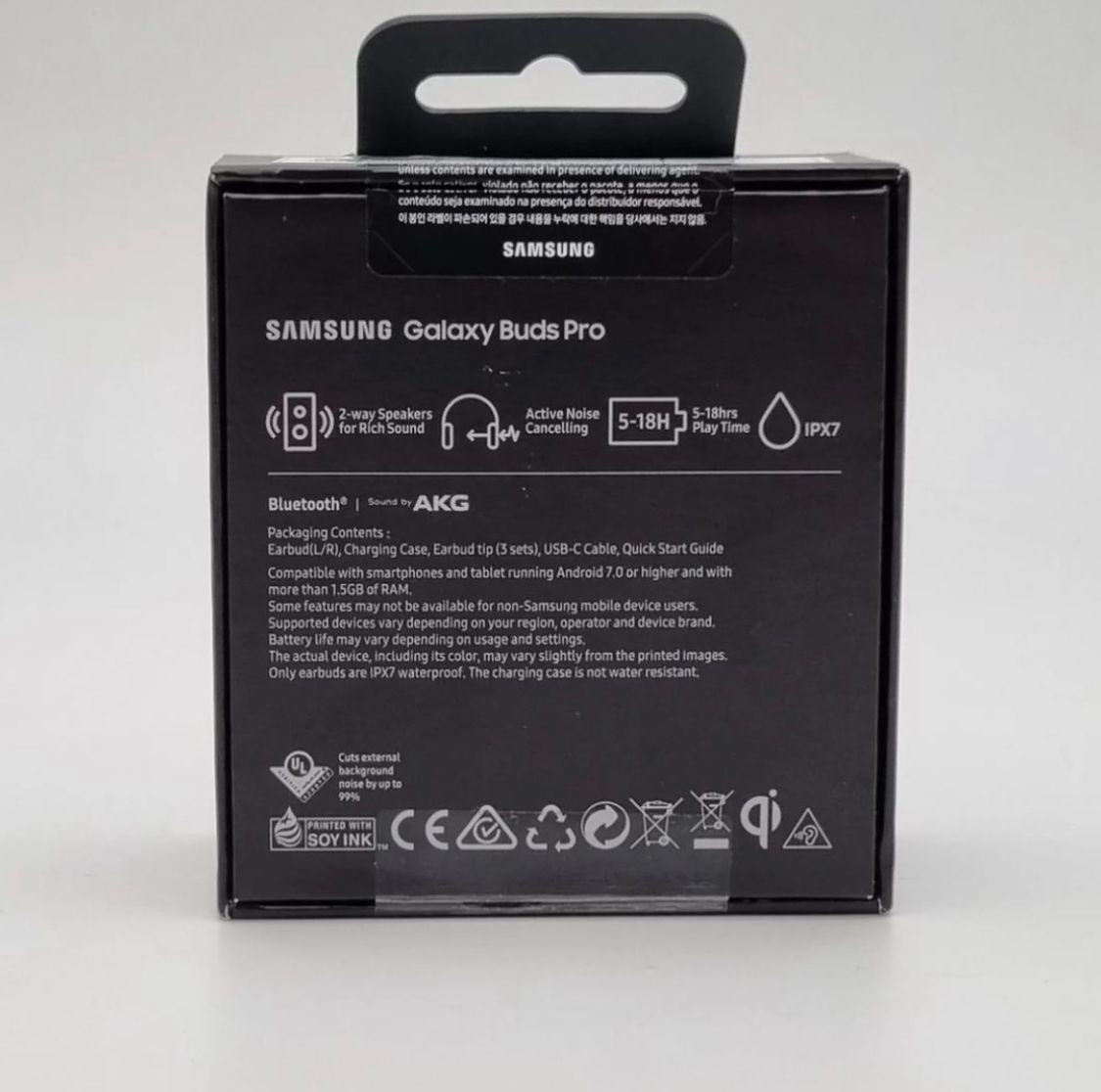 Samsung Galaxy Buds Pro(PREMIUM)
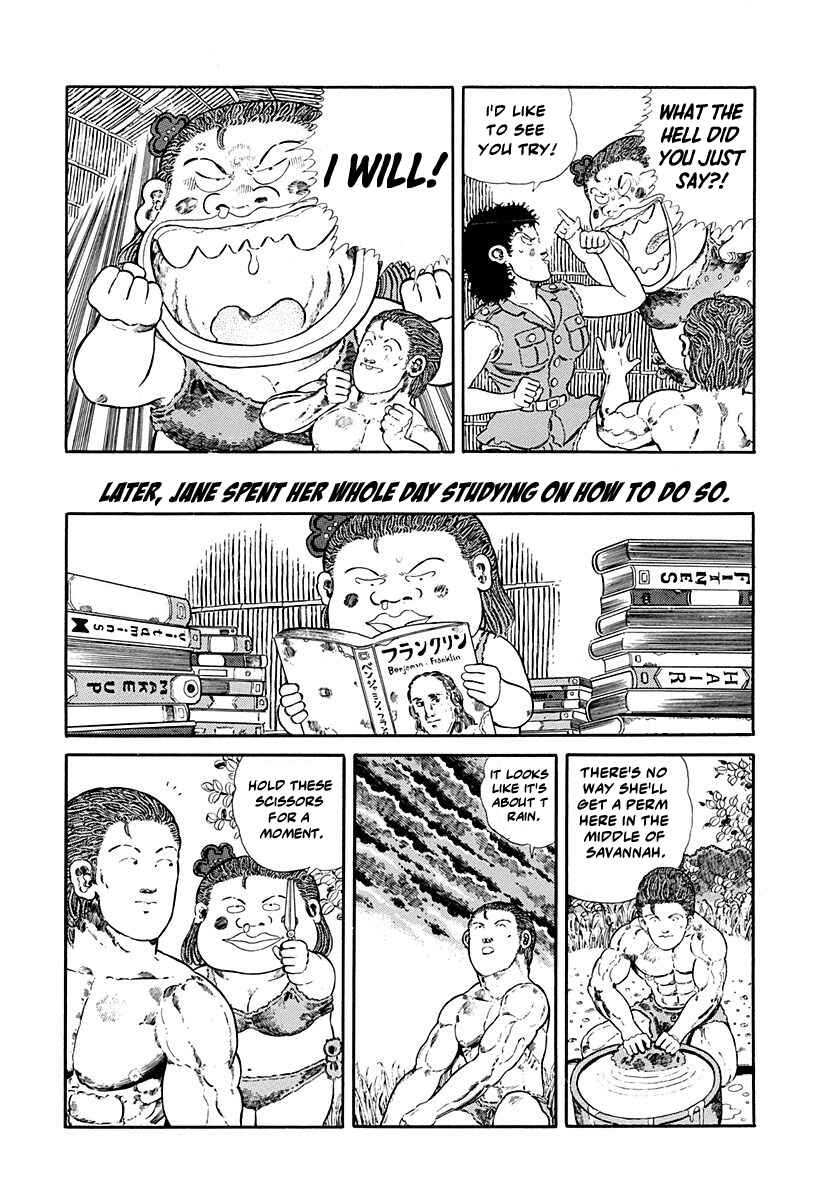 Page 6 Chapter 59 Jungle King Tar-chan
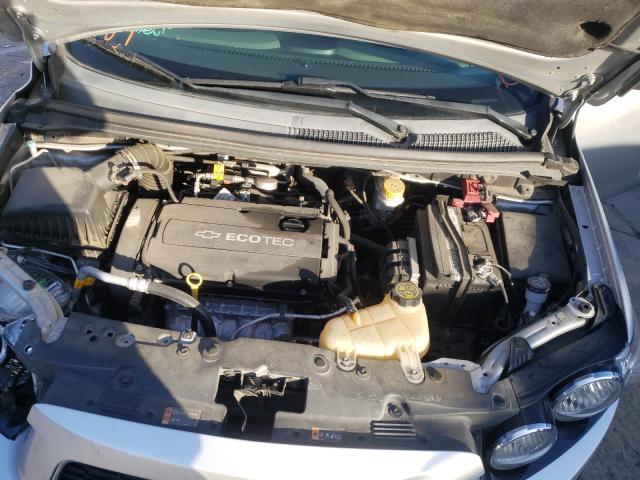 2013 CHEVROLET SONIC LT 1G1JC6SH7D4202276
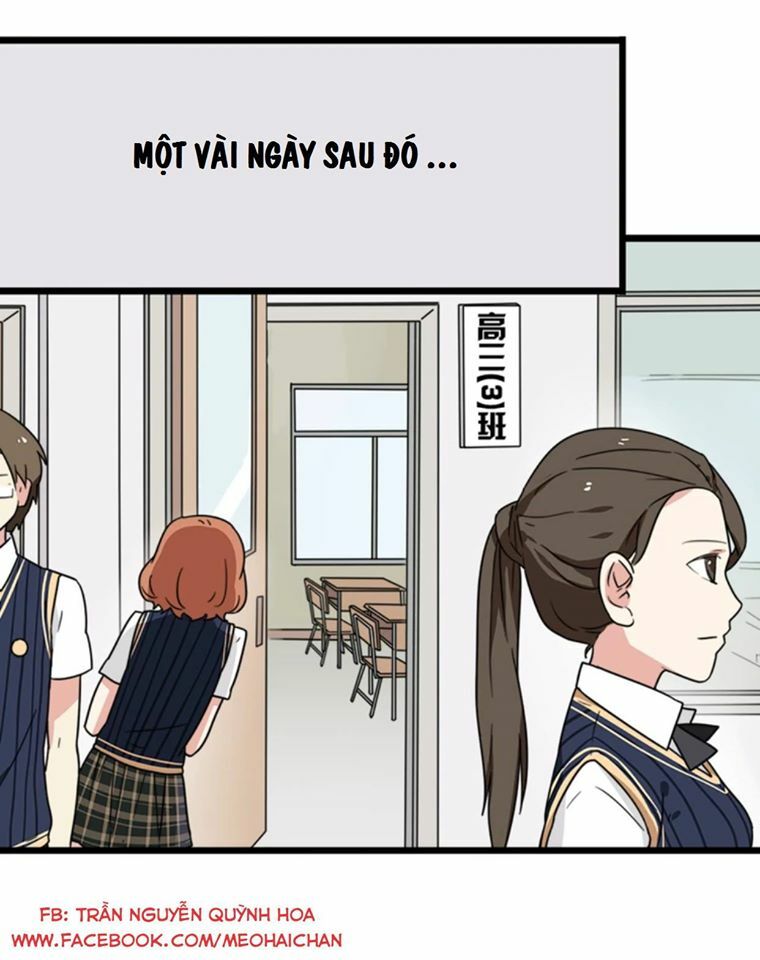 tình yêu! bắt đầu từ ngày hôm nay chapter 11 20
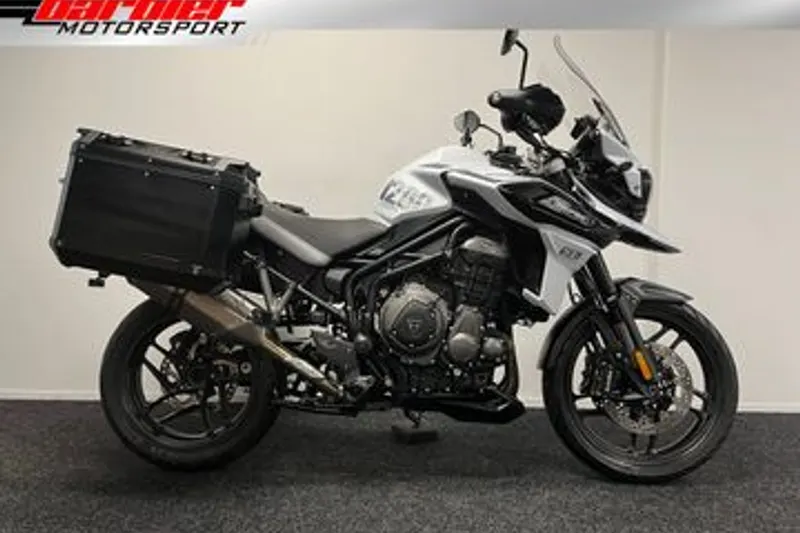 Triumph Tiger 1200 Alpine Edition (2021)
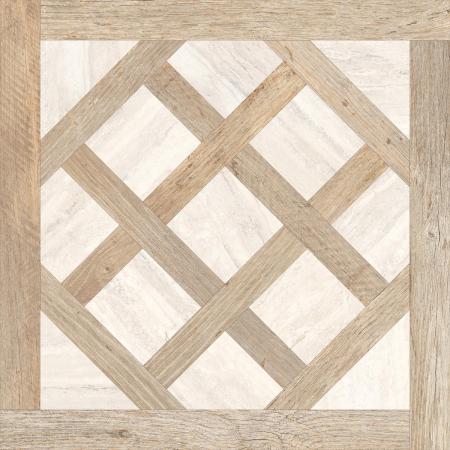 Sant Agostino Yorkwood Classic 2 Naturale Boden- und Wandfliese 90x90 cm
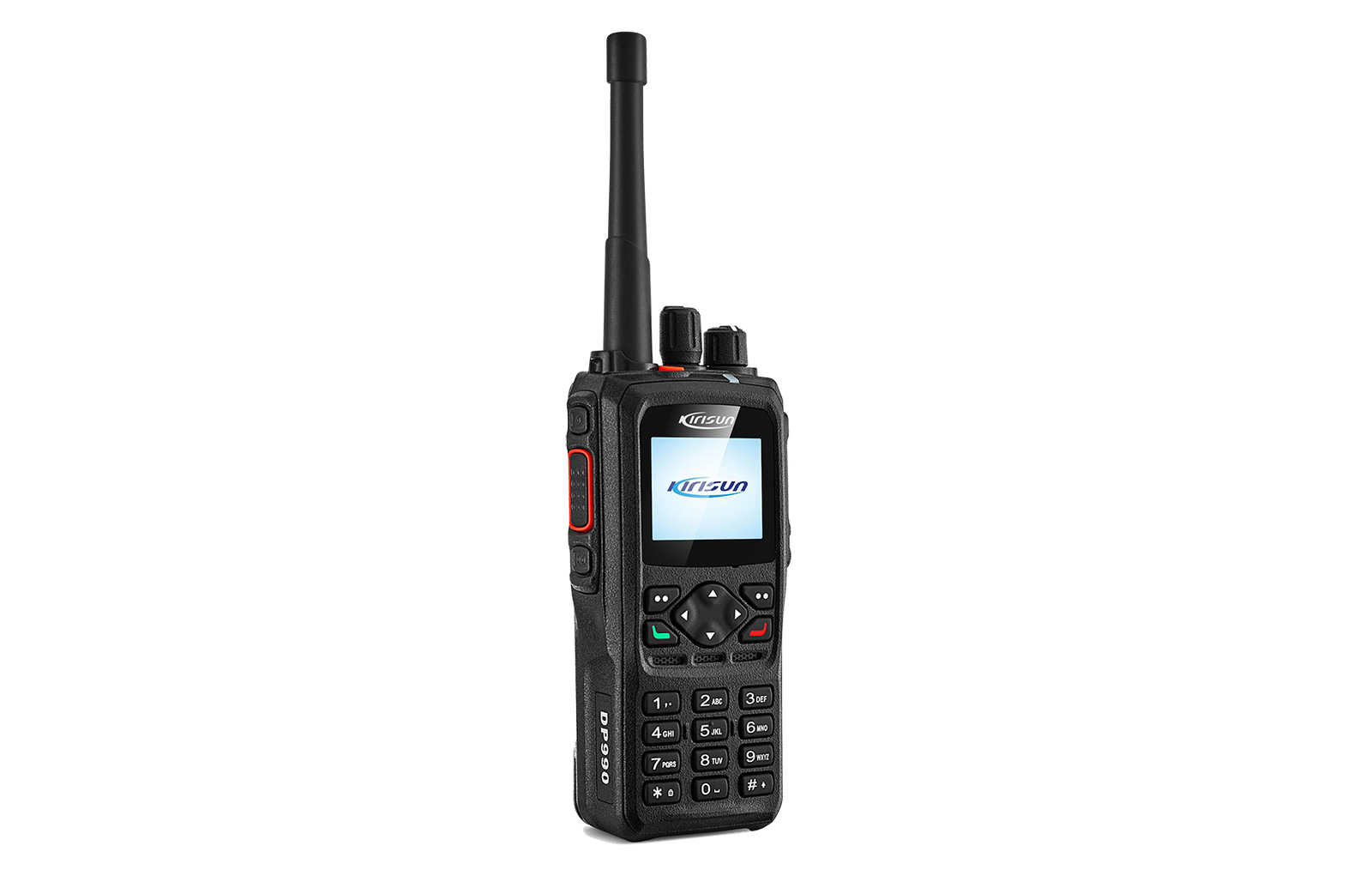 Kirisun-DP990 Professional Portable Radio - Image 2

**Problem description**:
Beginning at the line with "Triumph Tiger 1200 Alpine Edition (2021)", reproduce each line exactly through the last line of the records above, with pictures left out.

**Exercise answer**:
 Triumph Tiger 1200 Alpine Edition (2021)
 Sant Agostino Yorkwood Classic 2 Naturale Boden- und Wandfliese 90x90 cm
 Kirisun-DP990 Professional Portable Radio - Image 2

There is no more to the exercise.